The strings of casing between the outer casing and the production
casing are intermediate casing strings.
[0008] When drilling and running strings of casing in the well, it
is critical that the operator maintains pressure control of the
well. This is accomplished by establishing a column of fluid with
predetermined fluid density inside the well. During drilling
operations, this fluid is circulated down into the well through the
inside of the drillstring out the bottom of the drillstring and
back to the surface. This column of density-controlled fluid
balances the downhole pressure in the well. When setting casing,
the casing is run into the pressure balanced well. A blowout
preventer system is employed during drilling and running strings of
casing in the well as a further safety system to insure that the
operator maintains pressure control of the well. The blowout
preventer system is located above the wellhead housing by running
it on drilling riser to the wellhead housing.
[0009] When each string of casing hangers suspended in the wellhead
housing, a cement slurry is flowed through the inside of the
casing, out of the bottom of the casing, and back up the outside of
the casing to a predetermined point. An open fluid communication
passage in the casing hanger leading from the casing annulus to the
casing interior would adversely affect the flow path of the cement
slurry. This could also cause well pressure control problems for
the operator under certain conditions.
[0010] In a subsea well capable of producing oil or gas, the
production fluids flow through perforations made in the production
casing at the producing zone. A string of tubing extends to the
producing zone within the production casing to provide a pressure
controlled conduit through which the well fluids are produced. At
some point above the producing zone, a packer seals the space
between the production casing and the tubing to ensure that the
well fluids flow through the tubing to the surface. The tubing is
supported by a tubing hanger assembly that lands and locks above
the production casing hanger, either in the wellhead housing, in a
tubing hanger spool, or in a horizontal or spool tree, as described
below.
[0011] Subsea wells capable of producing oil or gas can be
completed with various arrangements of the production control
valves in an assembly generally known as a tree. For wells
completed with a conventional tree, the tubing hanger assembly
lands in the wellhead housing above the production casing hanger.

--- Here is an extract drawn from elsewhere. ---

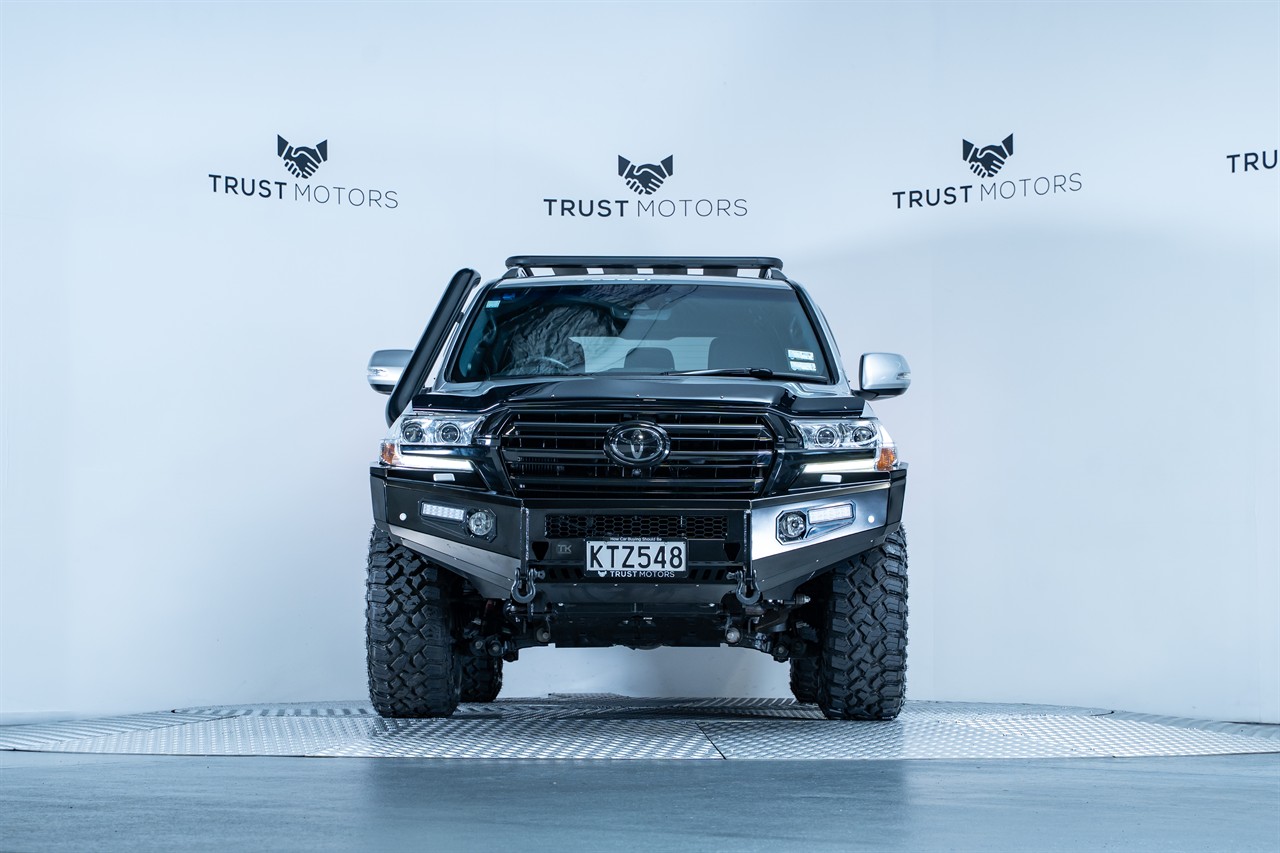 2017 Toyota Landcruiser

Alternatively, the tubing hanger assembly lands in a tubing hanger
spool that is itself landed and locked to the wellhead housing. For
wells completed with a horizontal or spool tree, the horizontal
tree lands and seals on the wellhead housing. A tubing hanger
assembly lands and seals in the horizontal tree. The tubing hanger
assembly in conventional trees has a flow passage for communication
with the annulus surrounding the tubing. A tubing annulus bypass
extends around the tubing hanger in horizontal trees. These
passages allow for communication between the interior of the
production casing and the interior of the tubing. Virtually all
producing wells are capable of monitoring pressure in the annulus
flow passage between the interior of the production casing and the
interior of the tubing.
[0012] A sealed annulus locates between the production casing and
the next larger string of casing. Normally there should be no
pressure in the annulus between the production casing and the next
larger string of casing because the annular space between the
production casing and the next larger string of casing is
ordinarily cemented at its lower end and sealed with a packoff at
the production casing hanger end. If pressure within this annulus
increases, it would indicate that a leak exists in one of the
strings of casing. The leak could be from several places.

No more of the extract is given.